Bild: Szene aus „Yunost Maksima“ („Maxims Jugend“) Regie: Grigoriy Kozi…
Die Retrospektive von Filmen aus dem Lenfilm-Studio beim Festival GoEast in
Wiesbaden fand zum richtigen Zeitpunkt statt: 1918 wurde es gegründet, 2004
in eine Aktiengesellschaft umgewandelt, nun steht das Studio vor dem Aus.
Alle Hoffnungen richten sich auf Putin, der das Studio verstaatlichen soll.
Die zwei derzeit berühmtesten Lenfilm-Regisseure, Alexej German und
Alexander Sokurow, leiten das Rettungskomitee, dabei gab Sokurow jene 6
Millionen Euro, die ihm Putin für seinen Film „Faust“ als Extra
herübergereicht hatte, in Tschechien aus und nicht bei Lenfilm. Auf dem
Symposium zur Retro wurden die Schätze des Studios, 1.500 produzierte
Filme, kühn mit denen in der Eremitage verglichen, doch die Auswahl
lieferte dafür keinen Beleg.
Zu dem unter Filmhistorikern berühmten Kanon des Studios gehören etwa Filme
der Fabrik des Exzentrischen Schauspielers FEKS und von Friedrich Ermler,
der sowjetische Western „Tschapajew“(1934), die veristischen Dramen von
Wladimir Wengerow, die Shakespeare-Verfilmungen von Grigori Kosinzew, die
verbotenen Filme von German, die Blockbuster von Alexej Balabanow und
Alexander Rogoshkin.
Auf diesen Kanon wurde bei der Auswahl verzichtet. Die Veranstalter
entschieden sich für das zweite Glied im Marschblock: melodramatischer
Kitsch der zwanziger, SozRealistischer Kitsch der dreißiger bis fünfziger
Jahre, romantisch nostalgischer Kitsch der siebziger. Die heterogene
Mischung aus Ideologie und Unterhaltung wurde kurzerhand und etwas
unerschrocken als Realavantgarde betitelt, was sich nur in Anlehnung an
RealSozialismus interpretieren lässt: zwar weit weg von der Vision, doch
die einzige Avantgarde, die man nun mal hat.

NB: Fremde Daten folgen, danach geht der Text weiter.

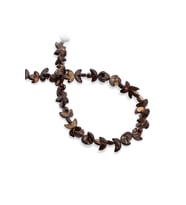 Coconut Hindistan Cevizi Ağacı Ay Kesim 5x10mm Dizi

Eigentlich hat Lenfilm diese brutale Behandlung nicht verdient, denn seine
Heimat St. Petersburg bestimmte sein Schicksal: In der russischen Kultur
bildeten Moskau und St. Petersburg stets Gegensätze. Alles ursprünglich
Russische (nationale, emotionale, warme, chaotische) war mit Moskau
verbunden, alles Neuzeitliche (europäische, rationale, kalte, ordentliche)
und deshalb Fremde wurde mit Zar Peter und St. Petersburg assoziiert. Im
Moskau wurde das Leben genossen, in St. Petersburg Karriere gemacht.
## Eine neue Hauptstadt
Doch 1918 verlegten die Bolschewiki die Hauptstadt nach Moskau; Petrograd
und sein kleines Studio wurden in eine tiefe Provinzialität getrieben.
Lenfilm-Regisseure und ihre Filme galten als „zweite Garde“, zugleich
hatten sie das Privileg, in der Provinzialität marginale Richtungen zu
entwickeln.
1934 bekam das Studio seinen heutigen Namen, und seine Situation änderte
sich: Der sowjetische Film sollte nun nicht mehr die Massen darstellen,
sondern ansprechen – in einfach erzählten Geschichten. Ideologie musste als
Unterhaltung verkauft werden. Die Moskauer Avantgarde verstummt für einige
Jahre, so kam die Sternstunde für Lenfilm. Die zweite Garde avanciert zur
Avantgarde neuen Stils – des sozialistischen Realismus. Die FEKSe, die den
Namen ablegten, schafften den Übergang problemlos – dank ihrer Neigung zur
handlungsreichen Kolportage: Kosinzew und Trauberg erzählten in ihrer
Maxim-Trilogie (1933–39) die Geschichte vom russischen Dummkopf Iwan und
der klugen Schönheit, einer Sozialdemokratin, die einen einfachen Arbeiter
in einen bewussten Bolschewiken verwandelt. Sie macht ihn nicht zum reichen
Prinzen, dafür zum Finanzminister in der neuen Gesellschaft.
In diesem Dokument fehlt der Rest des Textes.